▶ [EXERCISE GOAL]: The reply should be the records repeated exactly, without any images.
↓
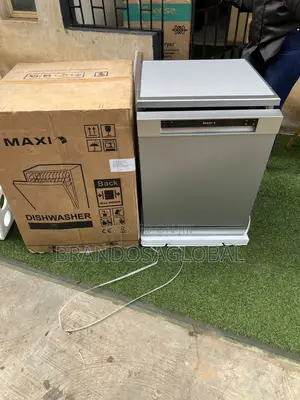 Maxi Dish Washing Machine Wqp12-5201m Quiet Operation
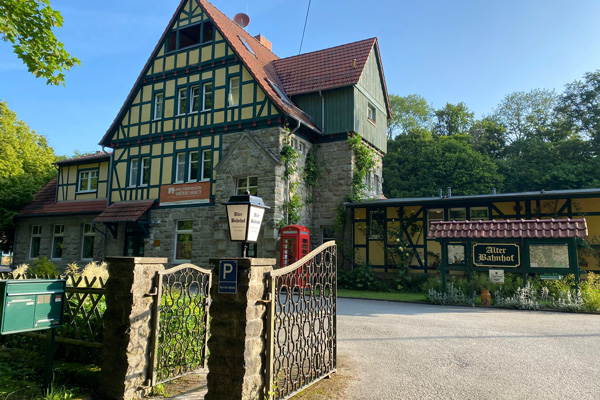Alter Bahnhof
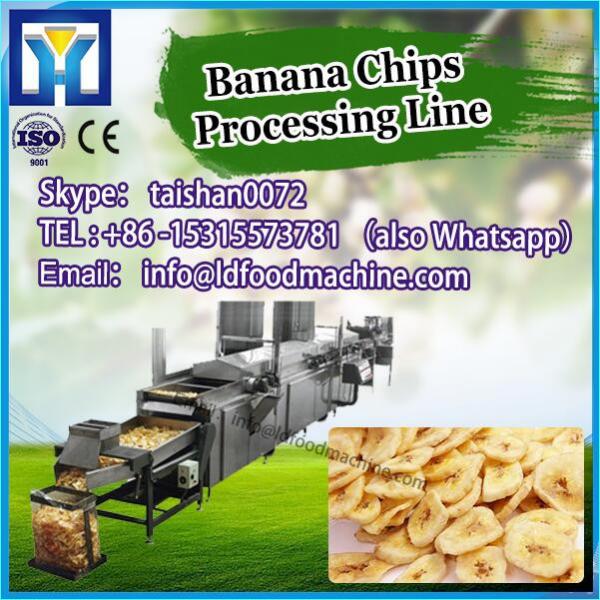 50kg / h Pequena Banana Paintn Chips Make machinery For Sale #1 image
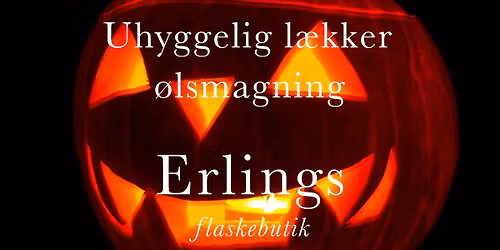 Halloween smagning - uhyggelig l\u00e6kker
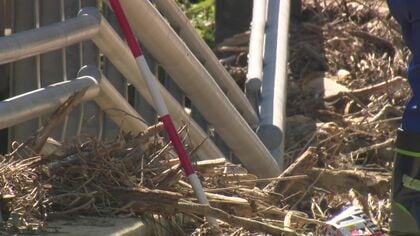 北海道初の線状降水帯被害が長引く「子牛がぬれて風邪を」橋が崩れ復旧の見通し立たず―もし札幌で発生し豊平川が決壊したら ススキノや札幌駅前も冠水 地下歩行空間が浸水 対策グッズは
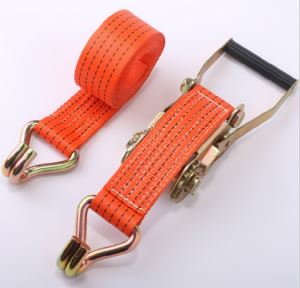 EN12195-2 Plastic Handle 50mm 5T 2lashing Belt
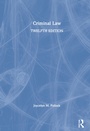 Cover: Criminal Law - Routledge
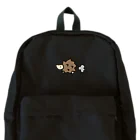 KIKITEKI_LABORATORYのてくてくはりねずみ Backpack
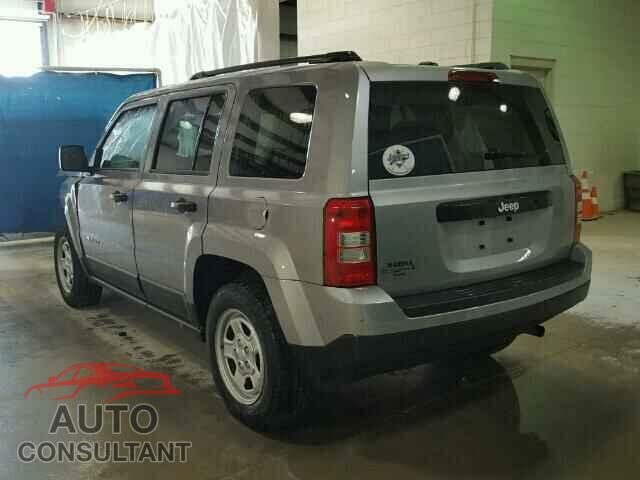JEEP PATRIOT 2016 - 1C4NJPBA3GD659727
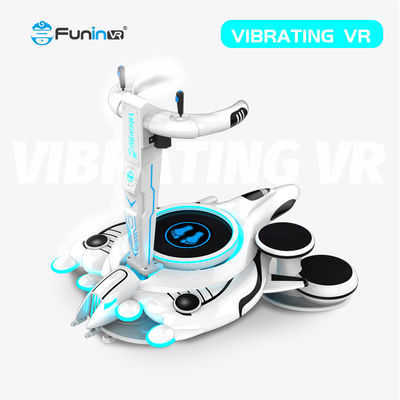 Simulateur de tapis roulant du parc d'attractions VR Walker Virtual Reality Shooting Walker
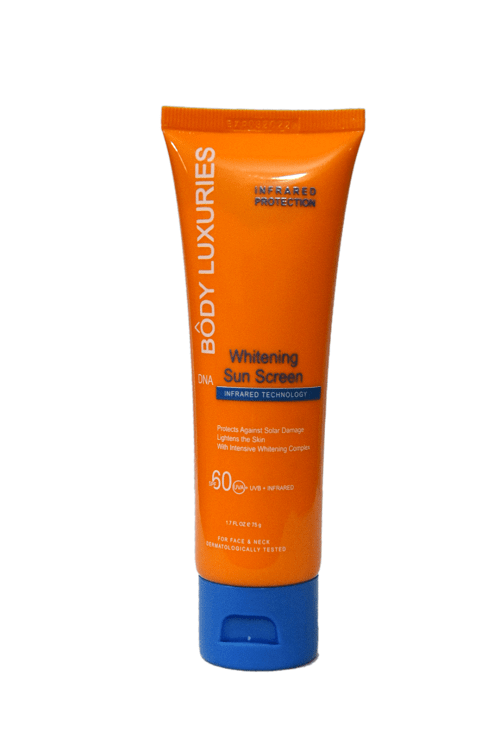 Body Luxuries DNA Whiting Sunscreen Box SPF 60 75 ML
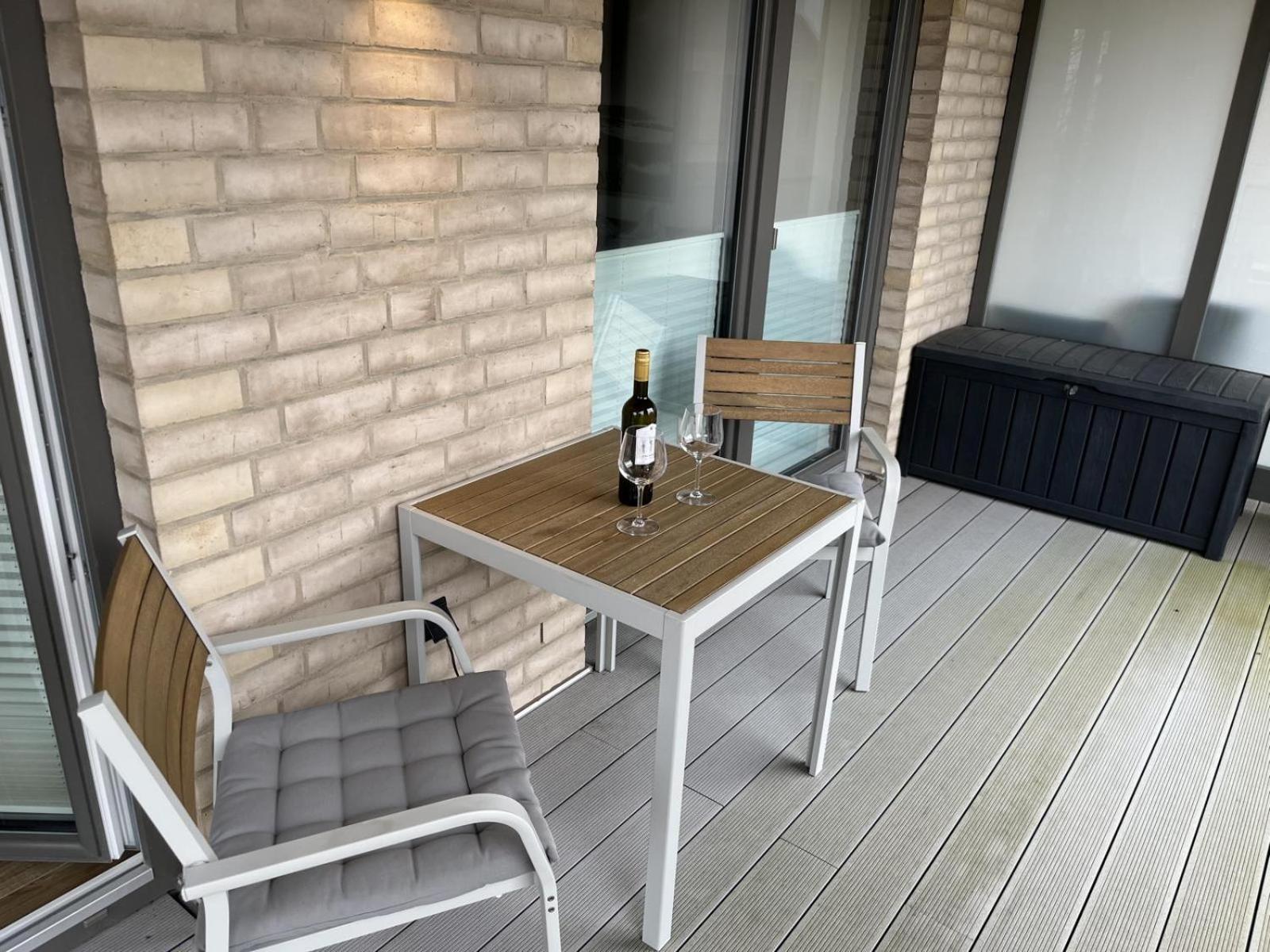 Apartment Sonnendeck, Am Alten Deich 22 Dangast Exteriör bild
↑
▶ [ANSWER BOX]:
 Maxi Dish Washing Machine Wqp12-5201m Quiet Operation
Alter Bahnhof
 50kg / h Pequena Banana Paintn Chips Make machinery For Sale #1 image
 Halloween smagning - uhyggelig l\u00e6kker
 北海道初の線状降水帯被害が長引く「子牛がぬれて風邪を」橋が崩れ復旧の見通し立たず―もし札幌で発生し豊平川が決壊したら ススキノや札幌駅前も冠水 地下歩行空間が浸水 対策グッズは
 EN12195-2 Plastic Handle 50mm 5T 2lashing Belt
 Cover: Criminal Law - Routledge
 KIKITEKI_LABORATORYのてくてくはりねずみ Backpack
JEEP PATRIOT 2016 - 1C4NJPBA3GD659727
 Simulateur de tapis roulant du parc d'attractions VR Walker Virtual Reality Shooting Walker
 Body Luxuries DNA Whiting Sunscreen Box SPF 60 75 ML
 Apartment Sonnendeck, Am Alten Deich 22 Dangast Exteriör bild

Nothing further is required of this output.